论文标题
形态跳过:使用形态学知识来改善单词表示
Morphological Skip-Gram: Using morphological knowledge to improve word representation
论文作者
论文摘要
自然语言处理模型引起了深度学习社区的极大兴趣。该研究分支由某些应用组成,例如机器翻译,情感分析,命名实体识别,问答等。单词嵌入是连续的单词表示,它们是这些应用程序的重要模块,通常用作深度学习模型的输入单词表示。 Word2Vec和Glove是学习单词嵌入的两种流行方法。他们获得了好的单词表示形式,但是,他们以有限的信息来学习表示形式,因为他们忽略了单词的形态信息,而仅考虑每个单词的一个表示向量。这种方法意味着Word2Vec和手套并不意识到“内在结构”一词。为了减轻此问题,FastText模型将每个单词表示为字符n-grams的袋子。因此,每个n-gram都有一个连续的向量表示形式,最终单词表示是其字符n-grams向量的总和。然而,单词的所有n-grams特征的使用都是一种糟糕的方法,因为某些n-grams与单词没有语义关系,并且增加了潜在的无用信息的量。这种方法还增加了训练阶段时间。在这项工作中,我们提出了一种训练单词嵌入的新方法,其目标是通过单词的形态学分析来代替一袋字符n-grams的快速文本袋。因此,具有相似上下文和词素的单词由彼此亲近的向量表示。为了评估我们的新方法,我们考虑了15个不同的任务,进行了内在的评估,与FastText相比,结果表明竞争性能。

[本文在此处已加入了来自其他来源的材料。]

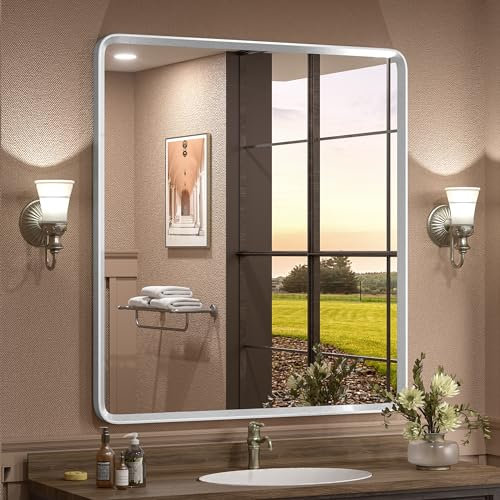 GOLOMO 32x36 Inch Silver Bathroom Mirror, Silverirsh Paint Metal Frame Silver Mirror, Rounded Rectangle Bathroom Vanity Mirror, Shatterproof, Anti-Rust (Horizontal/Vertical)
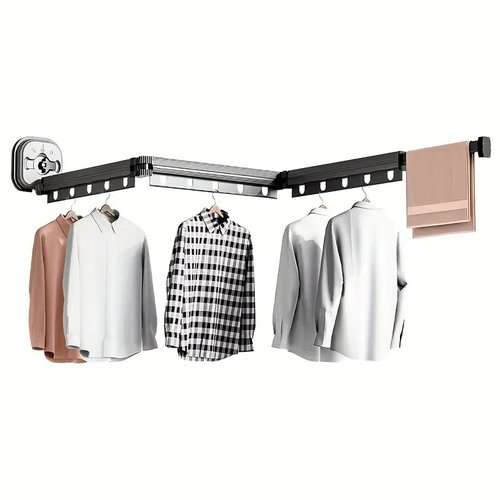 Etendoir à Linge Mural Extensible SWAWIS - Blanc - 3 Plis - Jusqu'à 30 Kg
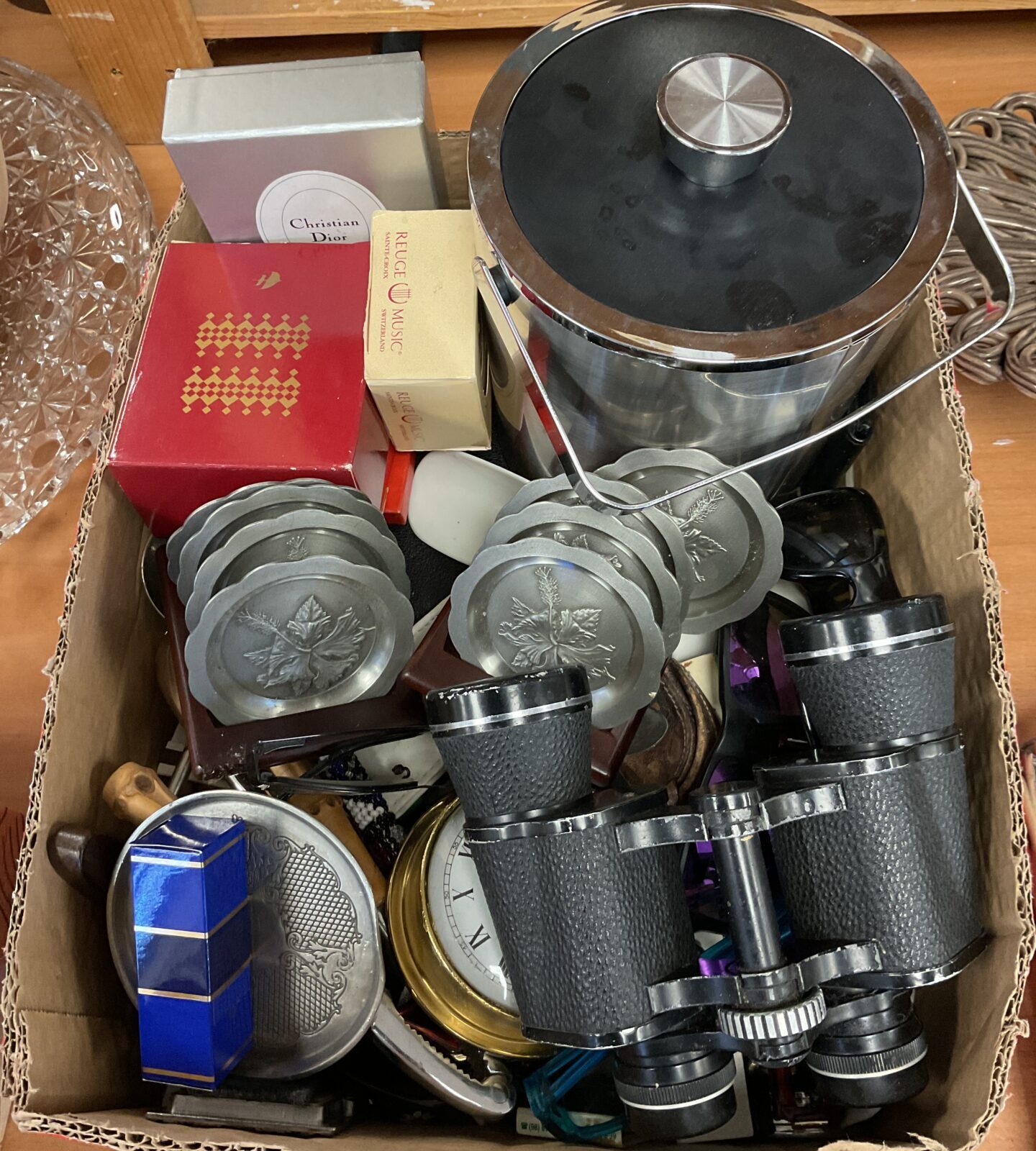 Box mixed items inc ice bucket, binoculars pewter dishes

Natural language processing models have attracted much interest in the deep learning community. This branch of study is composed of some applications such as machine translation, sentiment analysis, named entity recognition, question and answer, and others. Word embeddings are continuous word representations, they are an essential module for those applications and are generally used as input word representation to the deep learning models. Word2Vec and GloVe are two popular methods to learn word embeddings. They achieve good word representations, however, they learn representations with limited information because they ignore the morphological information of the words and consider only one representation vector for each word. This approach implies that Word2Vec and GloVe are unaware of the word inner structure. To mitigate this problem, the FastText model represents each word as a bag of characters n-grams. Hence, each n-gram has a continuous vector representation, and the final word representation is the sum of its characters n-grams vectors. Nevertheless, the use of all n-grams character of a word is a poor approach since some n-grams have no semantic relation with their words and increase the amount of potentially useless information. This approach also increases the training phase time. In this work, we propose a new method for training word embeddings, and its goal is to replace the FastText bag of character n-grams for a bag of word morphemes through the morphological analysis of the word. Thus, words with similar context and morphemes are represented by vectors close to each other. To evaluate our new approach, we performed intrinsic evaluations considering 15 different tasks, and the results show a competitive performance compared to FastText.